Source data>
◆ ◆ ◆

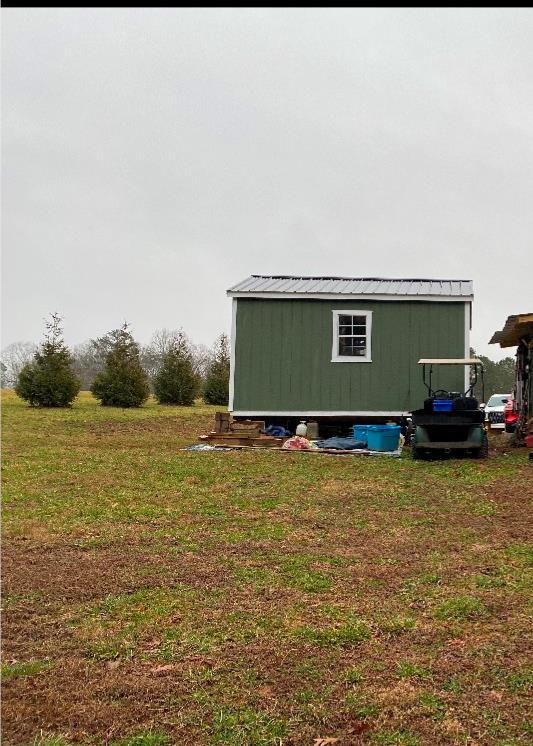 view of property exterior featuring an outbuilding and a lawn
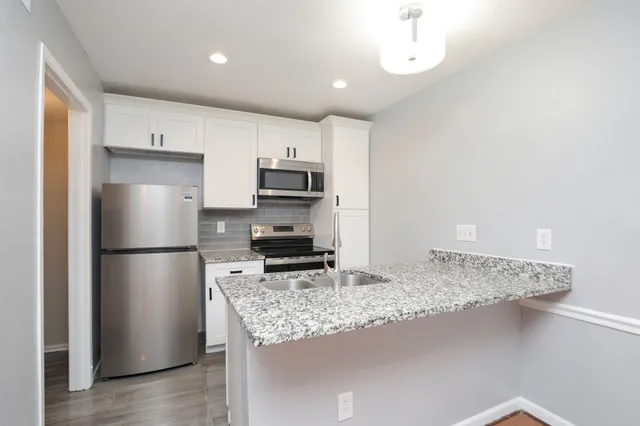 a kitchen with stainless steel appliances granite countertop a refrigerator sink and microwave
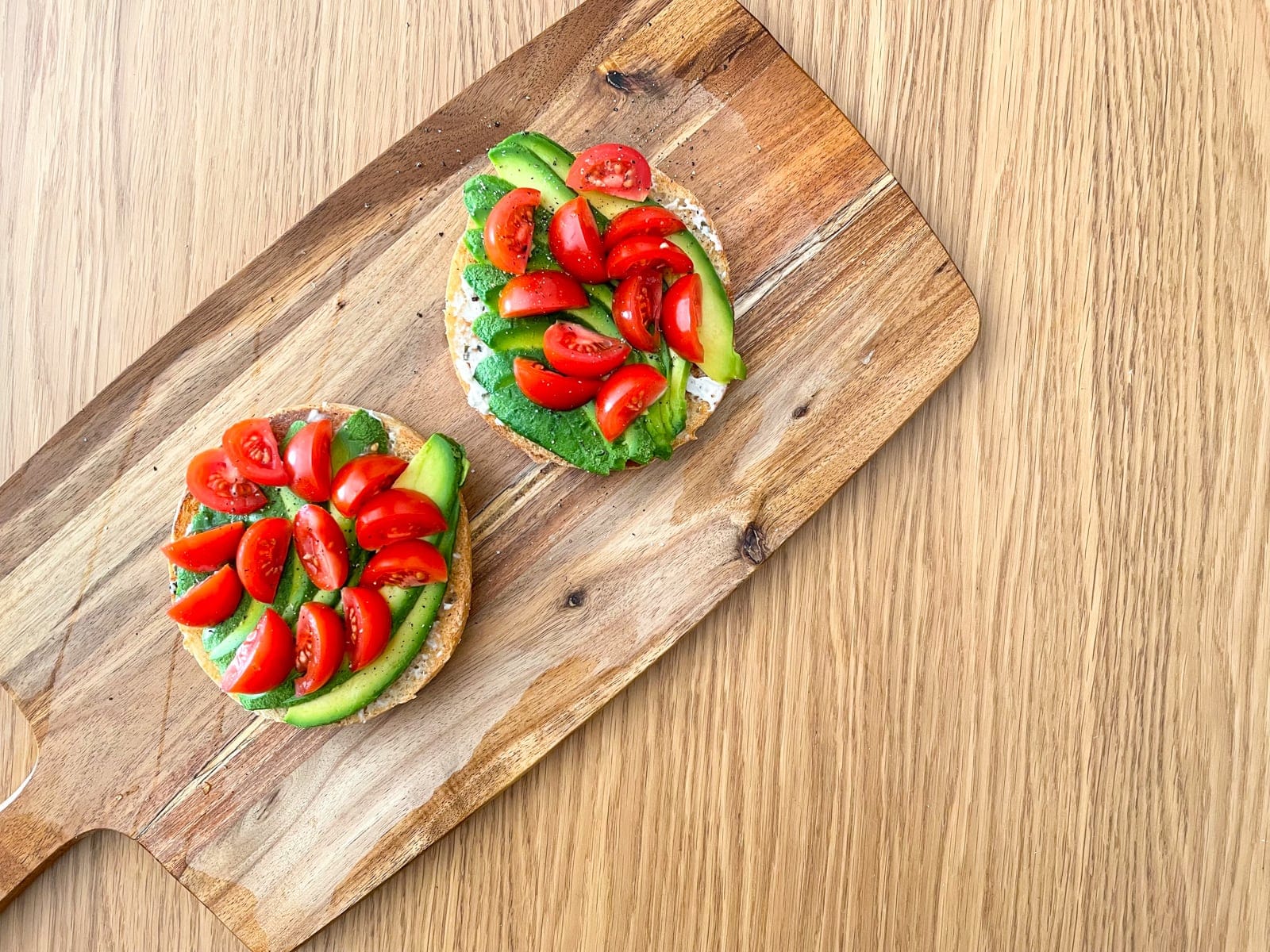 A wooden board on a wooden table, served with sliced avocado and wedges of sliced tomato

◆ ◆ ◆

Directions for this task> Leave out the pictures and return the listing exactly.

Answer for the task>
 view of property exterior featuring an outbuilding and a lawn
 a kitchen with stainless steel appliances granite countertop a refrigerator sink and microwave
 A wooden board on a wooden table, served with sliced avocado and wedges of sliced tomato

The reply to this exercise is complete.